PROBLEM = Please copy every line of the data in which the string "Thumbnail" appears.

DATA FOR THE TASK =
--- START ---

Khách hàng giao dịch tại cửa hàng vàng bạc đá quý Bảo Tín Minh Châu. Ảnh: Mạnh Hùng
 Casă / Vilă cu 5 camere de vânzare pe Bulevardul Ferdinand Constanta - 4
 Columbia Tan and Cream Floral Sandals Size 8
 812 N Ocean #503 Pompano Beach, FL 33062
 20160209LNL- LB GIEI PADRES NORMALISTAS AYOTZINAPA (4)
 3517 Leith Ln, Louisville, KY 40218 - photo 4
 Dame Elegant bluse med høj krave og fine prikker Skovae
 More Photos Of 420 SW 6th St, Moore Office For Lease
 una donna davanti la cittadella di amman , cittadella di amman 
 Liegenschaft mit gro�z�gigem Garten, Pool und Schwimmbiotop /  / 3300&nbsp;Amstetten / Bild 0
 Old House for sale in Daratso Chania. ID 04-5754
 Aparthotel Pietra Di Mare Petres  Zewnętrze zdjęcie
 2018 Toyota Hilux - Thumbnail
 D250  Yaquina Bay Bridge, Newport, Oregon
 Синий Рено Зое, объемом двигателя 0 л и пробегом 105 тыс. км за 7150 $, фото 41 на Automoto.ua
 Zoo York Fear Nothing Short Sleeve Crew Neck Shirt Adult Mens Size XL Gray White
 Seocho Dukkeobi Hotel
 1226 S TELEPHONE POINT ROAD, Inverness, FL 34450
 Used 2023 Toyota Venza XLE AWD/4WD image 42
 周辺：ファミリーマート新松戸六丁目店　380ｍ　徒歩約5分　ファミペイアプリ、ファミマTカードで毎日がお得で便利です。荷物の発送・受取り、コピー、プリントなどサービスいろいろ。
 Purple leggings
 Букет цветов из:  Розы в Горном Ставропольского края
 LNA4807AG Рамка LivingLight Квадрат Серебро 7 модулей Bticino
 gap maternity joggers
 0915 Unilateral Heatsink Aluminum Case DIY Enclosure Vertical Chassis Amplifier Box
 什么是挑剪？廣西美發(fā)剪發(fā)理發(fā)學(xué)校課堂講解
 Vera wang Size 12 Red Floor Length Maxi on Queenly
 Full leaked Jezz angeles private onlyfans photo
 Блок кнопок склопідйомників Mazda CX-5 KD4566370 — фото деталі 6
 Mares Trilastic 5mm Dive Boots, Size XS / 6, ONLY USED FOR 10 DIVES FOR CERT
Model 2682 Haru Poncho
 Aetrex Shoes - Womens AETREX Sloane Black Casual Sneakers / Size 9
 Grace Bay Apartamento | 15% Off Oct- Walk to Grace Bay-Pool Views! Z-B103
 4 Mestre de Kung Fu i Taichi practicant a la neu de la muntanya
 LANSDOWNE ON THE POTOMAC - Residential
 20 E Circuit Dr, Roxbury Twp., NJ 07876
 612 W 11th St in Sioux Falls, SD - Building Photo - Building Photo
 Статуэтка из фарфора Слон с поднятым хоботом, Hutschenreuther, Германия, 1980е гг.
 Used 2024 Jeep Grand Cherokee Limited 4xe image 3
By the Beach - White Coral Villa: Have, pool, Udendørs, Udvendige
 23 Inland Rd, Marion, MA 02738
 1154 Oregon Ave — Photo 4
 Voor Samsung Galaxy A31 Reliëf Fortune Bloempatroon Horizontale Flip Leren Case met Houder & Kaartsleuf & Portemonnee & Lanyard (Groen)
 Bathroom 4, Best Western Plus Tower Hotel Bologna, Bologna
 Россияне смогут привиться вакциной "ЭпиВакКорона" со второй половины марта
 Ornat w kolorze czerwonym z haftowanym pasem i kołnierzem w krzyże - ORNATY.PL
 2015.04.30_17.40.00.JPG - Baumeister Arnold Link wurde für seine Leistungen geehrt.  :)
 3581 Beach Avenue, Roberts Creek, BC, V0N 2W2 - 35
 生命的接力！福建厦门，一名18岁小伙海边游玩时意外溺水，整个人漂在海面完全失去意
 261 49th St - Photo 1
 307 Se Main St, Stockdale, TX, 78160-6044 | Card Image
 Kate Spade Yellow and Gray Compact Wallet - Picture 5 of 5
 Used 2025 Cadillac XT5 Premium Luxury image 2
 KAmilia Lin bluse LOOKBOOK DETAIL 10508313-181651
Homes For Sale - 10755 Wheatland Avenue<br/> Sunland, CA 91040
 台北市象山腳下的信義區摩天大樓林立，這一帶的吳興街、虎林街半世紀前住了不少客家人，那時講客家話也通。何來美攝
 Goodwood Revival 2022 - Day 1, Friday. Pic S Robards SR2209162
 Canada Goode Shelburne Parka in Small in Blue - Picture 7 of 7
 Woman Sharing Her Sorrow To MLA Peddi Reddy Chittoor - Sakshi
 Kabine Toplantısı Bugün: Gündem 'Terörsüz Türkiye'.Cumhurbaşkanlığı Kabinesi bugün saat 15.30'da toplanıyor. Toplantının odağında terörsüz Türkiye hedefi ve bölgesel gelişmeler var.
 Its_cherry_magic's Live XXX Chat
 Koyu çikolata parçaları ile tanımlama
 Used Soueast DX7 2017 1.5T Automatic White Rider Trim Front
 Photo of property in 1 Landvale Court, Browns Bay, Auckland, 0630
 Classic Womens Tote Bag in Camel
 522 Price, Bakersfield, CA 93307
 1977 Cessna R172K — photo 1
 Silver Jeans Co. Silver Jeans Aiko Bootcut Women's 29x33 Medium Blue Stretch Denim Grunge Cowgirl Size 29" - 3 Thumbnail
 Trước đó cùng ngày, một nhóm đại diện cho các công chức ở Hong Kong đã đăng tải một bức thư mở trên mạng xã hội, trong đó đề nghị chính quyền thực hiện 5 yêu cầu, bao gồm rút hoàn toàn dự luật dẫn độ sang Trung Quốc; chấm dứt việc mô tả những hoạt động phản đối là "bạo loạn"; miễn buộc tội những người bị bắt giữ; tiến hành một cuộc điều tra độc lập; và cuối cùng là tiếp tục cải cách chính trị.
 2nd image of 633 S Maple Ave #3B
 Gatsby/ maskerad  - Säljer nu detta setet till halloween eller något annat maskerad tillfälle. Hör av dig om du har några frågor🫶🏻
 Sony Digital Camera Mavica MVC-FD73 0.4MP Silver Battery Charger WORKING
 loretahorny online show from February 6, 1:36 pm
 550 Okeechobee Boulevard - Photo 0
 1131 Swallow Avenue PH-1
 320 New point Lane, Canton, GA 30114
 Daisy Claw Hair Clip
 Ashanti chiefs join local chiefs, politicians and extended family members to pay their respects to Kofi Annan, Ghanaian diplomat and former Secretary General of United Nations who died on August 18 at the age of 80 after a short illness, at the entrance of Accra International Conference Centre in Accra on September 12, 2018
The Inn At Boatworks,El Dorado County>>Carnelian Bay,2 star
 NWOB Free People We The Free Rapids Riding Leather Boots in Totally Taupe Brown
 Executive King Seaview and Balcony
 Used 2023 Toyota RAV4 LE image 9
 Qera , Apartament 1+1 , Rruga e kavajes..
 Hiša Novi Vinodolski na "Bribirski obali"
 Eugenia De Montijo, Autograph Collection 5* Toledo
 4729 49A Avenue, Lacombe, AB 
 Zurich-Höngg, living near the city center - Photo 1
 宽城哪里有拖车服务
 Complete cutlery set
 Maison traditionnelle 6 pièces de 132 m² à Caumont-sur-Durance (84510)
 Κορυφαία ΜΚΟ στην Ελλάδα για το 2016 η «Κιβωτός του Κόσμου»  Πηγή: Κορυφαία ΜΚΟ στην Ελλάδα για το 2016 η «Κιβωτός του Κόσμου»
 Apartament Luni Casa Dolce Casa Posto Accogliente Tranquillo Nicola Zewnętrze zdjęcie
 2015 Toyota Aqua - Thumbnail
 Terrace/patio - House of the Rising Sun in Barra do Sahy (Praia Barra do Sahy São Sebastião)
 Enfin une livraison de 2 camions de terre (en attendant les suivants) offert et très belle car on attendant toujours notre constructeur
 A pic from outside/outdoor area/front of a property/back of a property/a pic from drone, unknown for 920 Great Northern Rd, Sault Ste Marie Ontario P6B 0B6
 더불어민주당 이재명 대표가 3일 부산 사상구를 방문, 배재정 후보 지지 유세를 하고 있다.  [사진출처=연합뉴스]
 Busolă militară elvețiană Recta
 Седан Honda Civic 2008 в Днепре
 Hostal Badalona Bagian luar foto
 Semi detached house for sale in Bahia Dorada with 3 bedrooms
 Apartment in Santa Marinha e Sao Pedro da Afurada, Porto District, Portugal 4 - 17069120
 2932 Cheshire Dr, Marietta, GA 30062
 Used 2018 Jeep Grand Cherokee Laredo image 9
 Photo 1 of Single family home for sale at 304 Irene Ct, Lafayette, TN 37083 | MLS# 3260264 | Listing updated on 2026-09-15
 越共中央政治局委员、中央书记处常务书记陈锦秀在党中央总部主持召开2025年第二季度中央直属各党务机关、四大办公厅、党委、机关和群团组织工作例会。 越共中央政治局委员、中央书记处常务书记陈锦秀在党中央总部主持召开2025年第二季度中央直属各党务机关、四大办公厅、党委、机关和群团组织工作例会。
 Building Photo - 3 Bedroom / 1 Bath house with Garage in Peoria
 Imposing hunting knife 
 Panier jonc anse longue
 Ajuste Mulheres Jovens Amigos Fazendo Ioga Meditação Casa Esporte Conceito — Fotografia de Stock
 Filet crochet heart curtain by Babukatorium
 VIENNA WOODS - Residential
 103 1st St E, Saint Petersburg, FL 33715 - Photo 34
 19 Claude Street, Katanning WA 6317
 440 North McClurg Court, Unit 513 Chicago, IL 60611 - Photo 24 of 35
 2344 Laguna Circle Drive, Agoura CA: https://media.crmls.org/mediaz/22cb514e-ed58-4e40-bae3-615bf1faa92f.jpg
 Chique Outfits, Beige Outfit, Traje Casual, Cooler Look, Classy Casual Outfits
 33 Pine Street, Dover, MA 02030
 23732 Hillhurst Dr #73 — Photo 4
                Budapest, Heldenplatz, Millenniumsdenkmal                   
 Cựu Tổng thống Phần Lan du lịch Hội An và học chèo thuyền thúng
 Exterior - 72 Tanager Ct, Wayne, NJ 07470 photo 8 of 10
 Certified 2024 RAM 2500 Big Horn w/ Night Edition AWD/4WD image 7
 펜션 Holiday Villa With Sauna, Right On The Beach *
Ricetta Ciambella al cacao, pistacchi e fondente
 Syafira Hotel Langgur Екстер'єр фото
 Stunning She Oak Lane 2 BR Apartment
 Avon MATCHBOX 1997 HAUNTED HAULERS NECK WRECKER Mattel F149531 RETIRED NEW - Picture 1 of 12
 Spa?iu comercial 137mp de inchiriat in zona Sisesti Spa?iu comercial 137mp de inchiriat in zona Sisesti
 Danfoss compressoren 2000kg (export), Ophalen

--- END ---

EXERCISE SOLUTION =
 2018 Toyota Hilux - Thumbnail
 Silver Jeans Co. Silver Jeans Aiko Bootcut Women's 29x33 Medium Blue Stretch Denim Grunge Cowgirl Size 29" - 3 Thumbnail
 2015 Toyota Aqua - Thumbnail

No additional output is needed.